In a system in which the federal contribution was based on insurers’ bids, eliminating the FFS program would result in higher bids, which would reduce federal savings and could even cause federal spending to be higher under a premium support system than under current law. CBO also expects that in some regions, the FFS program’s bid would be among the lower bids, so getting rid of that program could directly reduce federal savings by raising the federal contribution in those regions. By contrast, in a premium support system in which the federal contribution was set to achieve a specific path for federal spending, eliminating the FFS program would not affect that spending, although the resulting increase in the cost of coverage for private plans would lead to higher premiums for beneficiaries.
Eligibility. Federal savings from a premium support system would depend partly on which beneficiaries were included in the new system. Some proposals include a “grandfathering” provision, under which all beneficiaries who became eligible for Medicare before the premium support system took effect would remain in the current-law Medicare program and only people who became eligible after that time would enroll in the new system. Although a grandfathering provision would keep current beneficiaries from having to adjust to a premium support system, it would reduce federal savings greatly, because only a small portion of the Medicare population would be covered by the new system initially, and that portion would increase only gradually over many years. Savings would be even more limited because average health care costs for newly eligible people entering the premium support system would be lower than the average for Medicare beneficiaries as a group (since those new entrants would be younger and, therefore, generally in better health).
Another key choice is whether and how dual-eligible beneficiaries—people who are jointly enrolled in Medicare and Medicaid—would be included in a premium support system. (CBO estimates that in 2009, those beneficiaries made up 19 percent of the Medicare population and accounted for 29 percent of total spending for Part A and Part B benefits.) Medicare covers some services for dual-eligible beneficiaries and Medicaid covers others, thus creating conflicting financial incentives for the federal and state governments (which jointly fund Medicaid) and for health care providers. Recent federal and state efforts have focused on integrating the two programs’ funding streams and coordinating the often-complex care that many dual-eligible beneficiaries receive. Including that group in a premium support system would pose substantial additional challenges. For instance, it would be difficult to give dual-eligible beneficiaries incentives to choose low-bidding plans in a premium support system while also minimizing their total payments for medical care. Nevertheless, excluding such beneficiaries would reduce the potential savings that a premium support system could achieve.

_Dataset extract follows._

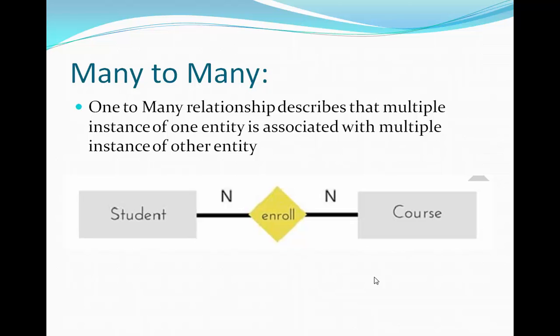For example, if you are enrolled in a particular course, multiple lecturers or teachers may be teaching different subjects — this describes a many-to-many relationship. When multiple instances of one entity establish a relationship with multiple instances of another entity, that is called a many-to-many relationship. That covers one-to-one, one-to-many, and many-to-many relationships.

Features of the System That Could Affect Enrollment Choices. Many features of a premium support system would influence beneficiaries’ sensitivity to differences in plans’ premiums, thus affecting insurers’ incentives to reduce their bids. Two features of particular importance are how enrollees would initially select a plan and how much standardization would be required of the various plans.
One possible approach to structuring enrollment would be to have beneficiaries affirmatively choose a plan (possibly including the FFS program) when they entered the premium support system or else be assigned to a plan whose bid was at or below the benchmark. A second approach would be to allow beneficiaries who did not choose a plan when they entered the new system to remain in their current plan—or the FFS program, if that was their current source of coverage—or be assigned to a similar plan or to the FFS program if their current plan was unavailable. (An option for beneficiaries who were just entering Medicare and did not choose a plan would be to assign them to the FFS program.) The first approach would probably give insurers a greater incentive to lower their bids because they would anticipate that enrollments would rise more as a result. Under the second approach, beneficiaries would generally have less risk of being assigned to a plan that excluded their current providers from its network, but, depending on the region, some beneficiaries could unwittingly remain in plans that would require much higher premiums than they had paid before.
Another key question concerns the degree of standardization that would be required for benefit packages. Possible approaches include making all plans cover the same services and impose identical cost-sharing requirements; requiring all plans to cover the same services but allowing them to vary their cost-sharing requirements, as long as the benefit packages were actuarially equivalent (that is, each package covered the same percentage of total expenses for a given population); or letting plans vary both their covered services and cost-sharing requirements, as long as the benefits were actuarially equivalent. Federal costs under any of those approaches would depend crucially on whether the standard package had the same actuarial value as Medicare’s current benefits or some different value. In general, greater standardization of benefits would make it easier for people to compare plans on the basis of price, thus enhancing competition and lowering bids. However, standardization would prevent plans from offering benefit packages that some people might prefer to a standard package specified by the federal government. It could also limit the extent to which insurers developed innovative cost-sharing arrangements that might result in lower costs, higher-quality care, or both.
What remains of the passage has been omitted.